Performance tests are now based on Rank Based Overlap measure (http://www.williamwebber.com/research/papers/wmz10_tois.pdf).
LSH parameters have changed. See man pages for eiQuery and eiCluster for details
loadLSHData and freeLSHData are deprecated and no longer do anything. See man pages for details.
eiCluster can now cluster subsets of database
use new features in ChemmineR to store duplicate descriptors only once.
embedded descriptors now stored in database and the matrix file is written out only as needed by LSH to create an index.

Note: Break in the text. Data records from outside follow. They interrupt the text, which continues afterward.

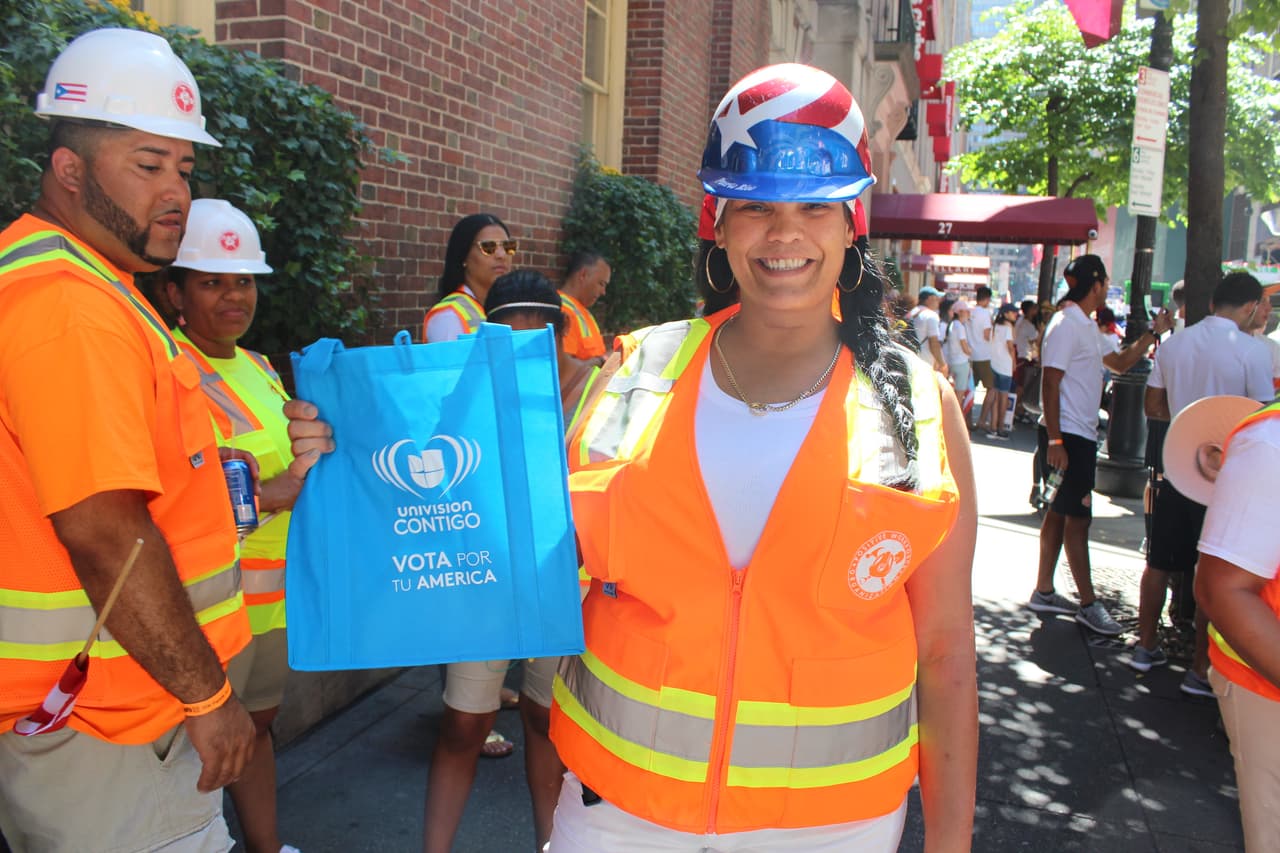 El orgullo boricua se hizo sentir en la quinta avenida en el Desfile Puertorriqueño de New York. Nuestra carroza la encendió Vico C y el Dream Team de DJs de La X.
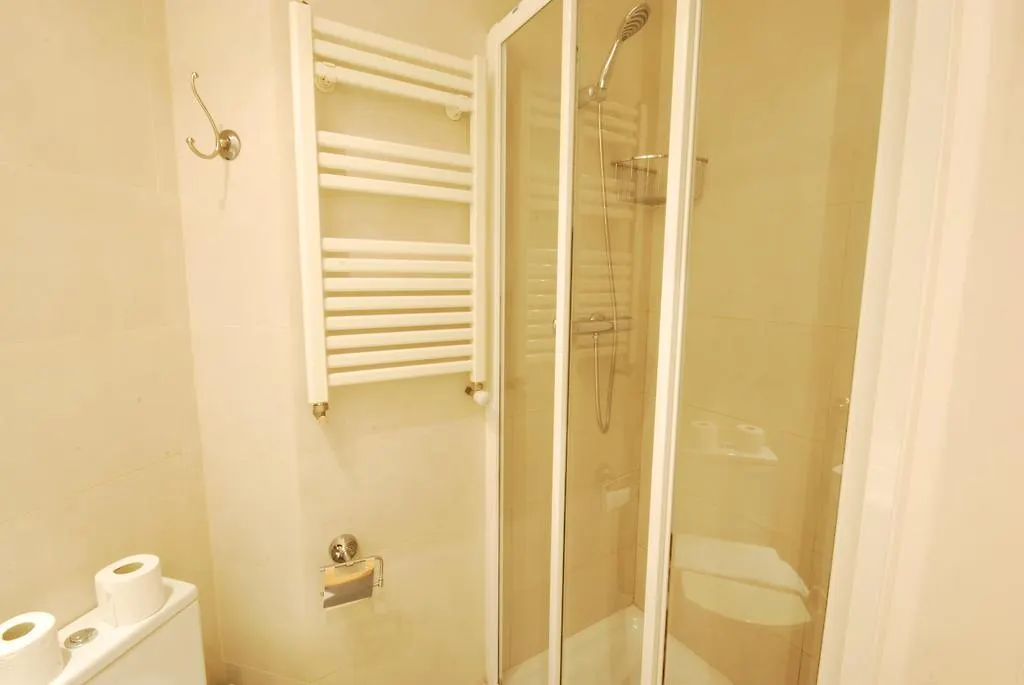 Rocafort Sdb Apartment Barcelona 0*,  Spain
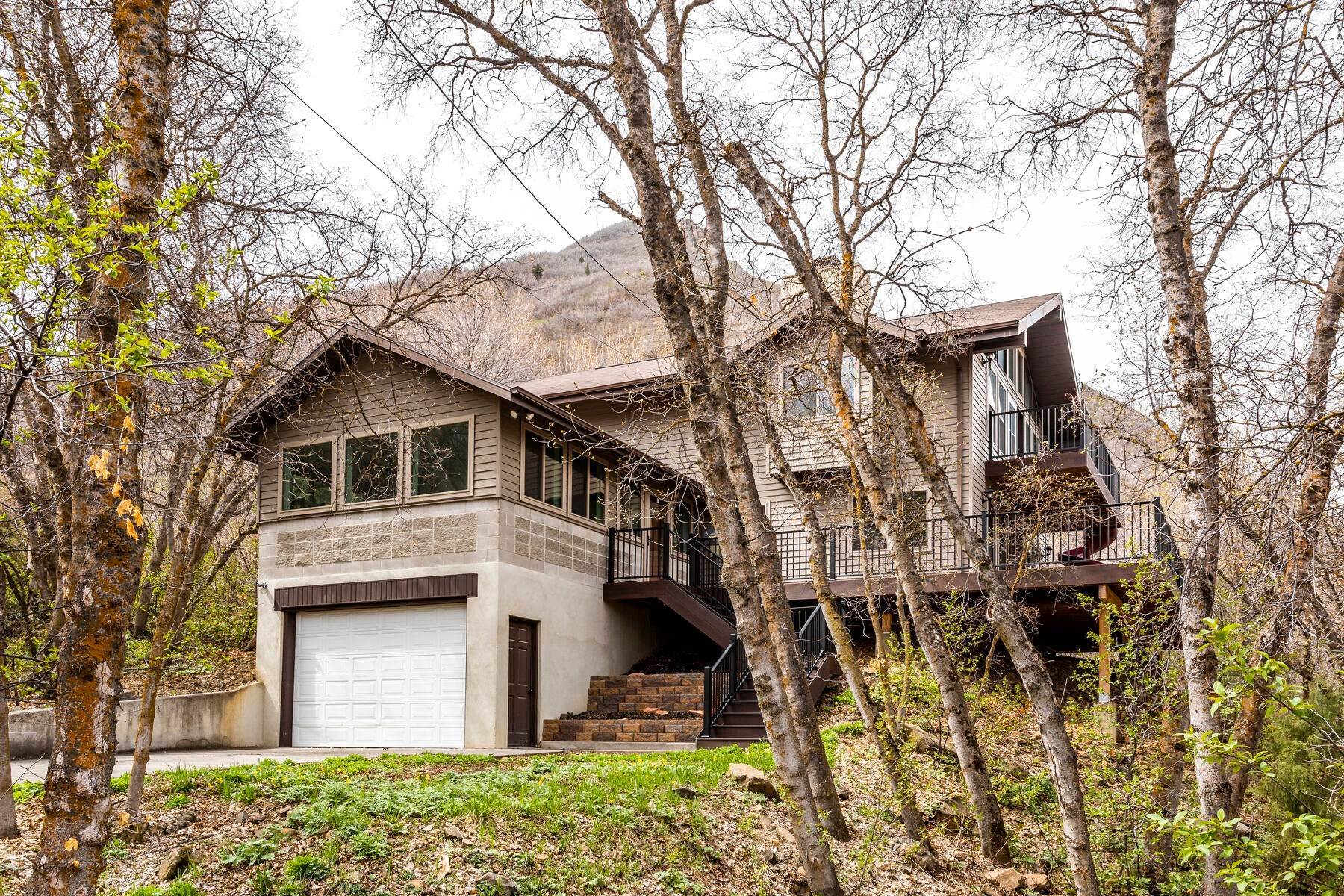 41. Single Family Homes at 4004 S Mountain Maple Lane Springville, Utah 84663 United States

Database schema changes make this version incompatible with version 1.2 an earlier. Existing databases will need to be re-loaded.
speed improvements
ieInit now accepts a SNOW cluster for parallel inserts
allow compounds to be updated in-place by name
eiQuery can now return similarity values instead of distances
The eiR packages introduces efficient methods for accelerating structure similarity searches and clustering of very large compound datasets. The acceleration is achieved by applying embedding and indexing techniques to represent chemical compounds in a high-dimensional Euclidean space and to employ ultra-fast pre-screening of the compound dataset using the LSH-assisted nearest neighbor search in the embedding space. This method can drastically reduce the search time of large databases, by a factor of 40–200 fold when searching for the 100 closest compounds to a query.